En 2023, Nicola Sturgeon, alors Première ministre écossaise, a qualifié Marion McMillan de « l'une des militantes les plus ferventes » en présentant des excuses officielles pour le rôle joué par l'État dans les adoptions forcées.
« Cela a toujours été cruel, injuste et profondément inacceptable », a-t-elle déclaré.
Dans des excuses récentes, l'Armée du Salut a admis être « profondément repentante et honteuse » que ces jeunes femmes vulnérables n'aient pas reçu l'aide dont elles avaient besoin dans ses foyers pour mères célibataires et bébés.
« Nous savons que nous devons rendre des comptes à celles que nous avons déçues et réfléchir à notre rôle dans une société qui s'est retournée contre les femmes enceintes célibataires », ont ajouté ses responsables régionaux, les commissaires Paul et Jenine Main.

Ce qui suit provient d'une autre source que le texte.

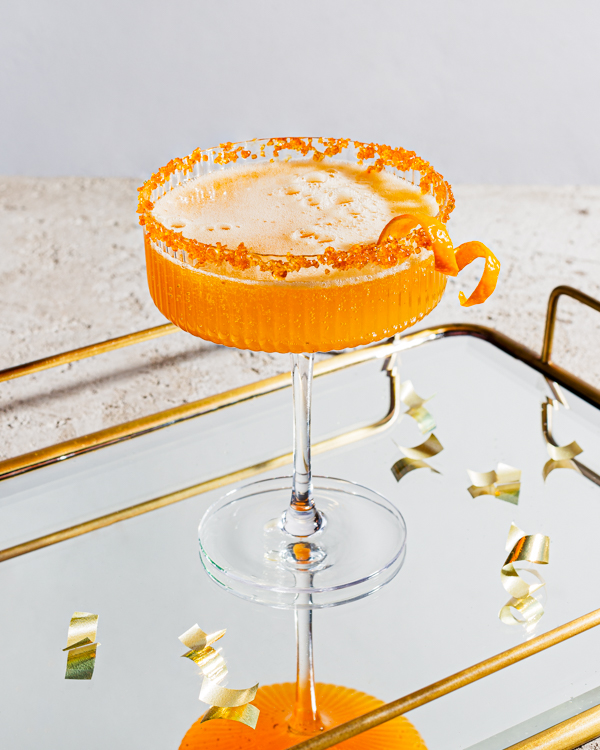  One glass of sparkling spiced ginger turmeric cocktail garnished with orange peel and rimmed with sugar on a mirrored serving tray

Marion affirme qu'il est encore possible d'aller plus loin. Elle souhaite que les victimes de l'adoption forcée – mères, enfants et parents adoptifs – bénéficient d'un soutien accru.
De plus, elle aimerait qu'un centre d'excellence dédié à l'adoption soit créé en Écosse, où toute personne concernée par l'adoption pourrait bénéficier d'une formation et d'un accompagnement complet.

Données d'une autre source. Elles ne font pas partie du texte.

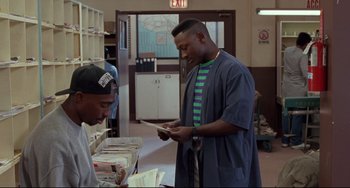 Movie still from “Poetic Justice” (1993), directed by John Singleton – A man is looking at papers in a book store; Medium shot, Over the shoulder angle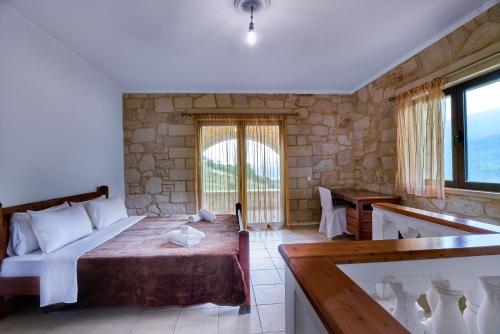 Cama o camas de una habitación en ANEMOS residence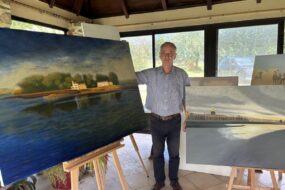 Une personne devant des tableaux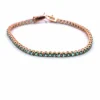 BRACELET UNISEXE « TENNIS » - OR ROSE 18 KT - ÉMERAUDES NATURELLES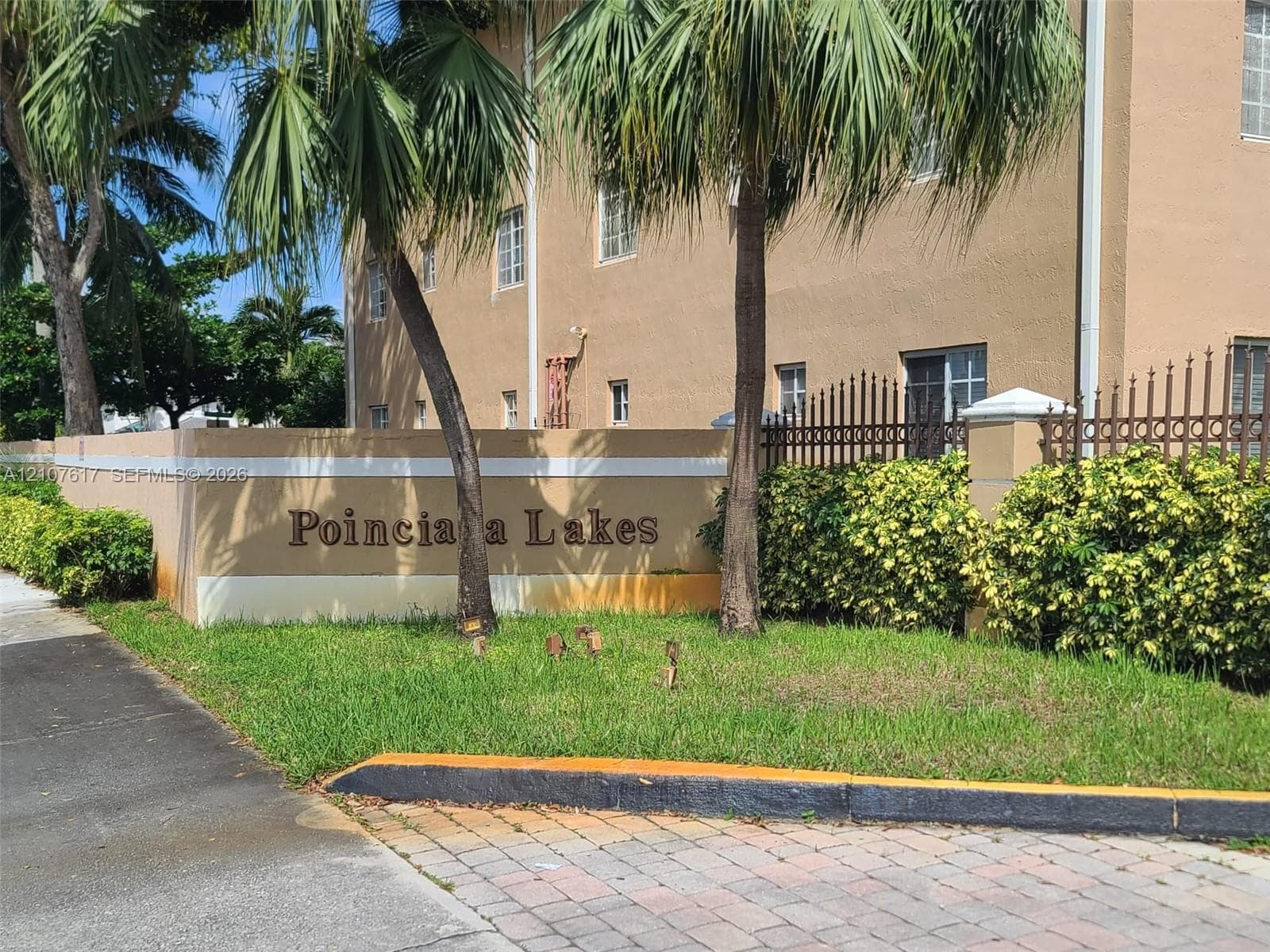 Stucco monument signage featuring ornamental metal fencing, concrete paver drive entry, and mature palm landscaping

Crédit photo, Finestripe Productions
Ann Keen faisait partie d'un petit groupe de mères invitées au siège du gouvernement britannique, à Downing Street, avant que Starmer ne présente ses excuses au nom de l'État.
« Pour moi, ces excuses signifient que je ne suis plus présumée coupable d'un acte que je n'ai pas commis, car je ne l'ai pas remis. Ils me l'ont pris », a-t-elle déclaré.

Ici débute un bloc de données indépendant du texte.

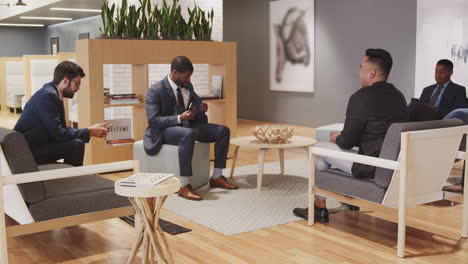 group of businessmen having informal discussion in seating area of modern open plan office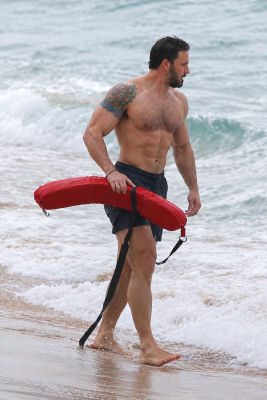 AI-generated image of Ben Affleck carrying a red rescue buoy at the beach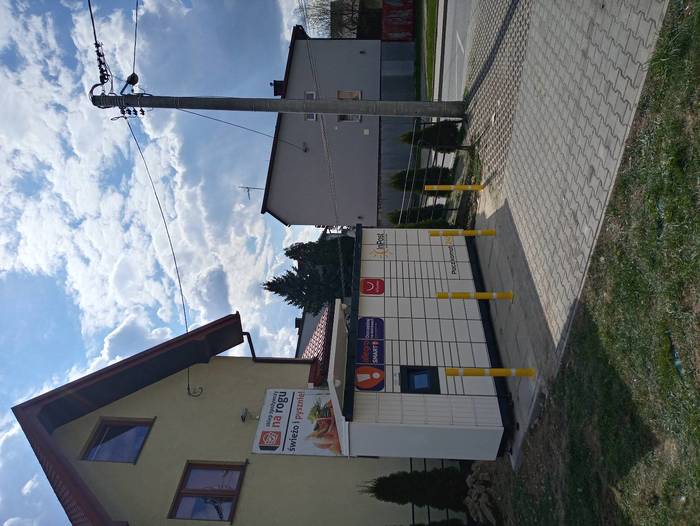 Paczkomat NTA04M na parkingu przy sklepie spożywczym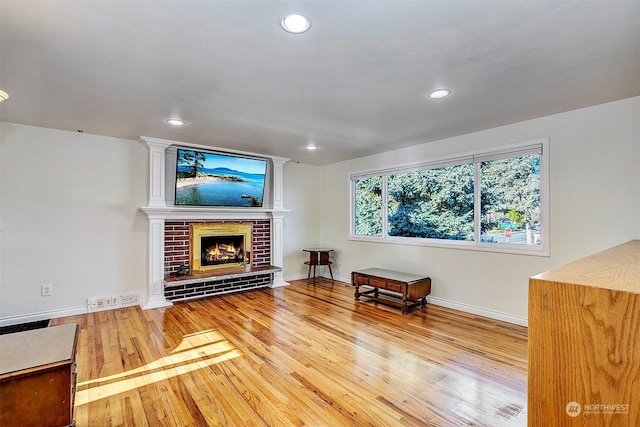 living room with hardwood / wood-style floors and a fireplace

« Cela montrera au monde entier que ce n'était pas de notre faute. Nous n'étions pas responsables. C'est l'État qui était responsable, ce sont les Églises qui étaient responsables, et nous serons libres. »
Cet article a été rédigé à l'origine en anglais et nous avons utilisé un outil d'intelligence artificielle pour le traduire. Un journaliste de la BBC a relu le texte avant sa publication. En savoir plus sur la manière dont nous utilisons l'IA.